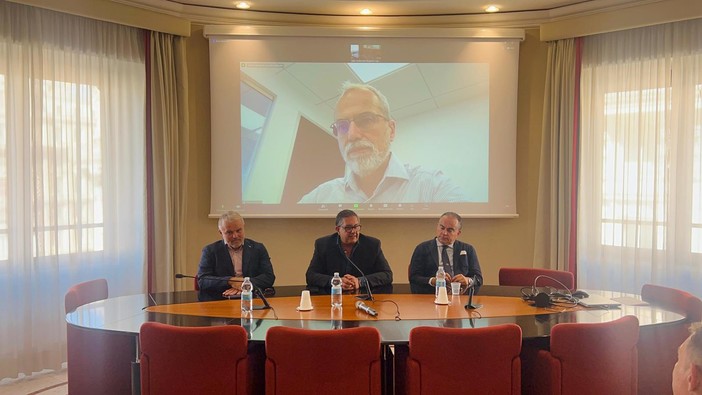 Rigassificatore, confronto tra Toti, sindacati e associazioni di categoria Rigassificatore, confronto tra Toti, sindacati e associazioni di categoria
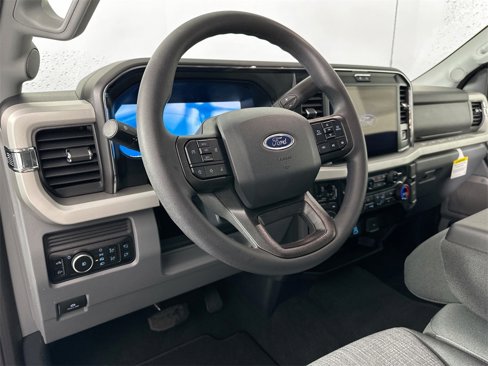 New 2025 Ford F350 XLT w/ Black Appearance Package image 9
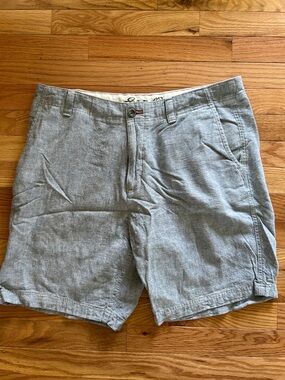 Eddie Bauer Light blue linden Flat-Front Men’s Shorts size 34 adjustable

**PROBLEM DETAILS:** Write out all of the data above exactly, pictures excluded.

**ANSWER FOR THE TASK:**
 Rigassificatore, confronto tra Toti, sindacati e associazioni di categoria Rigassificatore, confronto tra Toti, sindacati e associazioni di categoria
 New 2025 Ford F350 XLT w/ Black Appearance Package image 9
 Eddie Bauer Light blue linden Flat-Front Men’s Shorts size 34 adjustable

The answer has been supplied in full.